Certainly, the Internet and the ease of online ordering helps drive the growth of the direct-sales channel. Another major factor is the consolidation over the past decade of wholesalers, giving a handful of companies a stranglehold on the distribution channels to retail shelves.
That consolidation led Cameron Hughes to abandon traditional distribution altogether. Hughes works as a negociant, buying surplus wines from top wineries and marketing them under his own label. He started selling exclusively at Costco stores, then worked through a network of distributors, earning a reputation for high-quality wines that taste more expensive than they cost. But Hughes found it harder to garner the attention of distributors, who have many wines to sell with bigger profit margins, when he wanted to pay attention to consumers.

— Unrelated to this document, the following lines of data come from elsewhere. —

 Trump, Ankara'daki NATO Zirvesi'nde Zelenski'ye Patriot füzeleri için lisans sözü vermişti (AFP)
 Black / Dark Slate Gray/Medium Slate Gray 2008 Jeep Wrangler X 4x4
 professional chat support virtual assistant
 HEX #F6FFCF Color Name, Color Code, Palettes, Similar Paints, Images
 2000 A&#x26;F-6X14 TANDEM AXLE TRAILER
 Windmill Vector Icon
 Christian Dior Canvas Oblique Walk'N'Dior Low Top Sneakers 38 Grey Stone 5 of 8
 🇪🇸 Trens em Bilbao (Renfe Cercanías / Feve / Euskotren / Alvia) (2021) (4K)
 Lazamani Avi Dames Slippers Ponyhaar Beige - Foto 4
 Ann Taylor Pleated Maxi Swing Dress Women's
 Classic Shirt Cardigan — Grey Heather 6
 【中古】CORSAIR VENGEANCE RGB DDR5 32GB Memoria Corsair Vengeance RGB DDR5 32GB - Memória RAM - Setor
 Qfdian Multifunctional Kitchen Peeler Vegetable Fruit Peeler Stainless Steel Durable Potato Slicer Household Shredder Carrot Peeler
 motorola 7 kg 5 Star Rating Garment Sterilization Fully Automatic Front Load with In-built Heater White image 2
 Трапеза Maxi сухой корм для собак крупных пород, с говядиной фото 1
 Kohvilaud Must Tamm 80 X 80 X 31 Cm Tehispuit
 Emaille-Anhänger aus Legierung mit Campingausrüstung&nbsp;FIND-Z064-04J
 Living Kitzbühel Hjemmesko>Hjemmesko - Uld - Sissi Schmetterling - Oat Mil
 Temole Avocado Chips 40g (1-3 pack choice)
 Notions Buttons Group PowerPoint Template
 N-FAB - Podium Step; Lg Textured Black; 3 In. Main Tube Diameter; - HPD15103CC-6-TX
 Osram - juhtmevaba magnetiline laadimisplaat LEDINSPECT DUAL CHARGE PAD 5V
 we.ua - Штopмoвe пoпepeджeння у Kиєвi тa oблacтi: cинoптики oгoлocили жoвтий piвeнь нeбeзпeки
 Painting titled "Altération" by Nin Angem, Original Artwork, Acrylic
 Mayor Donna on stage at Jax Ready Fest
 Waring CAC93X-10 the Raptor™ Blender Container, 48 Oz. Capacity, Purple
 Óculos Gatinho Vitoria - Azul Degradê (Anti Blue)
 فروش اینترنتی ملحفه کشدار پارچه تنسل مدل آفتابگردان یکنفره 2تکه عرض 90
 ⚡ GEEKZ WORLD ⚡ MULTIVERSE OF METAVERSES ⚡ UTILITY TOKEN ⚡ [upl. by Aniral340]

“With wholesale consolidation, you have five privately held organizations controlling 60-70 percent of wine and spirits sales,” Hughes said. “We decided we needed to control the interaction with our end customers.” As of last year, Hughes wines are available exclusively online.
Six boutique wineries in Oregon’s Willamette Valley have formed a new consortium called Hidden Cellars to exploit the direct-sales channel and tourist trade. They refer tasting room visitors to their partner wineries and rely on wine club and visitor sales rather than distribution. And there’s a desire to stay small.
“A lot of our customers used to go to Napa Valley, but they don’t like the circus atmosphere,” said Scott Flora, founder of Native Flora winery in the Dundee Hills area of Willamette Valley. The other wineries in Hidden Cellars are Anderson Family Vineyard, Beckham Estate Vineyard, Dukes Family Vineyards, Prive Vineyard and Redman Vineyard & Winery.
Wineries that sell mostly through wine clubs rely on word of mouth to build their markets. Flora said his winery has built a small group of loyal customers in the Washington area, and he comes here a few times a year to hold tastings and present his wines to customers and their friends.
The growth of the direct-sales channel might help fill a gap in the market not served by traditional distribution, as smaller wineries can build markets for themselves and consumers can seek them out. But the Ship Compliant report also holds clues that direct sales may indeed be cutting into the threetier distribution system.
Remember that $9.29 average price per bottle sold in the United States? The report noted wineries producing more than 500,000 cases a year — and there are only 60 or so — increased their direct sales last year by 183 percent over 2015, with the average bottle price at $16. That tells me consumers are going online to order not just expensive boutique wines, but also their everyday inexpensive bottles, such as Kendall-Jackson chardonnay ($14 on Wine. com) and Barefoot Cellars merlot ($13 on Amazon).
As we become even more accustomed to shopping online, direct wine sales should continue to account for more of our wine purchases. And that growth will transform the market for wine.